We stared at each other for a moment.
“I didn’t know he said that,” Cruz said innocently.
“I thought it was remarkable,” I said. “Especially in a primary.”
For the first and last time since I began interviewing him, in July, Cruz said nothing at all in response.
It was during the course of writing that profile that I came to understand what I think of as “the Cruz code”: the experiences and character traits that underlie his thinking and drive his actions and rhetoric. Since then, I’ve found that this understanding has helped me explain his reasoning, and even predict his behavior, time and time again. The fact that I cracked the Cruz code several years ago is one of the main reasons my subsequent commentary on his presidential campaign has been oddly accurate. It’s also why I’m able to say, with confidence, that Cruz is far less alarming as a potential president than his critics believe, or would like you to think.
And frankly, it’s been nice, as a political journalist, to have started the election cycle with such a good sense of who Cruz is, and what drives him. It’s saved me from having to spend months trundling around Iowa, freezing, forlorn, and trying to make sense of the man. It’s allowed me to lounge in Austin, waiting for intrepid reporters to file their dispatches from the road; I’d like to take a special moment to recognize the Texas Tribune’s Patrick Svitek, who has emerged as an absolute star of the 2016 traveling political press.
Next week, though, I will be in Iowa to watch events unfold. I expect things will culminate in a caucus victory for Cruz, whose many critics should take a moment to recognize that he’s already far outperformed the expectations of those who were dismissing him, three years ago, as nothing more than a “whacko bird.” And the time has come for me to let the rest of the world take a look at the user’s manual I’ve found so helpful.
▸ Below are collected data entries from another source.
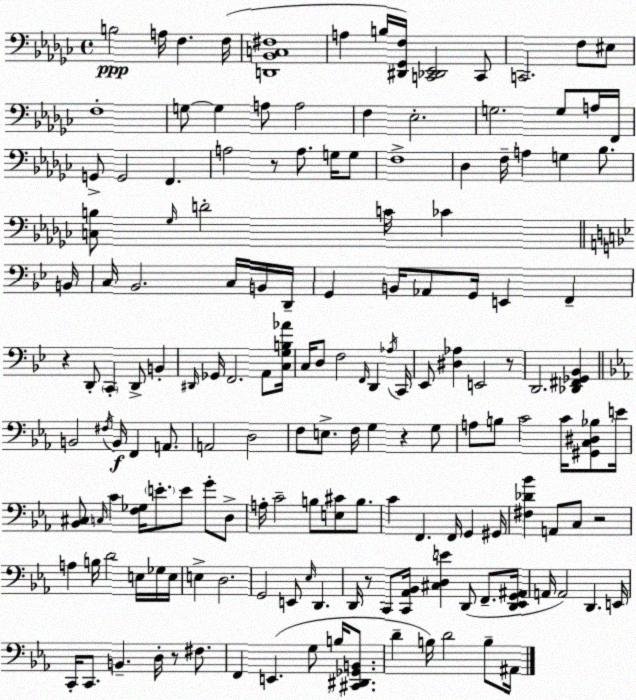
X:1
T:Untitled
M:4/4
L:1/4
K:Ebm
B,2 A,/4 F, F,/4 [D,,_B,,C,^F,]4 A, B,/4 [^D,,_G,,F,]/4 [C,,_D,,_E,,]2 C,,/2 C,,2 F,/2 ^E,/2 F,4 G,/2 G, A,/2 A,2 F, _E,2 G,2 G,/2 A,/4 F,,/4 G,,/2 G,,2 F,, A,2 z/2 A,/2 G,/4 G,/2 F,4 _D, F,/4 A, G, _B,/2 [C,B,]/2 _G,/4 D2 C/4 _C B,,/4 C,/4 _B,,2 C,/4 B,,/4 D,,/4 G,, B,,/4 _A,,/2 G,,/4 E,, F,, z D,,/2 C,, D,,/2 B,, ^D,,/4 _G,,/4 F,,2 A,,/2 [C,G,B,_A]/4 C,/4 D,/2 F,2 F,,/4 D,, _A,/4 C,,/4 _E,,/2 [^D,_A,] E,,2 z/2 D,,2 [_D,,^F,,_G,,_B,,] B,,2 ^F,/4 B,,/4 F,, A,,/2 A,,2 D,2 F,/2 E,/2 F,/4 G, z G,/2 A,/2 B,/2 C2 C/4 [^G,,C,^D,_B,]/2 E/4 [_B,,^C,]/2 C,/4 C [F,_G,]/4 E/2 E/2 G/2 D,/2 A,/4 C2 B,/2 [E,^C]/2 B,/2 C F,, F,,/4 G,, ^G,,/4 [^F,_D_B] A,,/2 C,/2 z2 A, B,/4 D2 E,/4 _G,/4 E,/4 E, D,2 G,,2 E,,/2 _E,/4 D,, D,,/4 z/2 C,,/2 [C,,_A,,_B,,]/4 [^C,D,E] D,,/2 F,,/2 [D,,_E,,G,,^A,,]/4 A,,/4 A,,2 D,, E,,/4 C,,/4 C,,/2 B,, D,/4 z/2 ^F,/2 F,, E,, G,/2 B,/4 [^C,,^D,,_G,,B,,]/2 D B,/4 D2 B,/2 ^A,,/4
So mark your calendars for next Tuesday: here at Texas Monthly, we’ll offer you ten rules for making sense of Ted Cruz.
In the meantime, for those who haven’t already: read the aforementioned profile, “The Man in the Arena.” It holds up. And it contains the answers to some of the questions Americans are currently wrestling with. Would Cruz’s nomination result in “cataclysmic” losses, as Dole warns? No one can say for sure, but it occurred to me back then to ask if he minds losing a fight:
“Not at all. If you never lose a fight, then you’re not taking on anything of consequence or anything difficult. I’m a big believer in Teddy Roosevelt’s famous speech—which, indeed, for years has hung on the wall of my office—about the man in the arena whose face is marred by blood and sweat and who may know victories or defeats but is actually fighting to make a difference.”
As we headed up the Capitol steps, I realized that Cruz’s response to the previous question reminded me of something I had mentally summarized as the Barry Goldwater scenario—the prospect that Cruz could be the kind of Republican who could win the party’s presidential nomination but alarm voters in a general election, just as Goldwater had in 1964 against LBJ.
“If you had a Goldwater scenario, that would be okay with you?”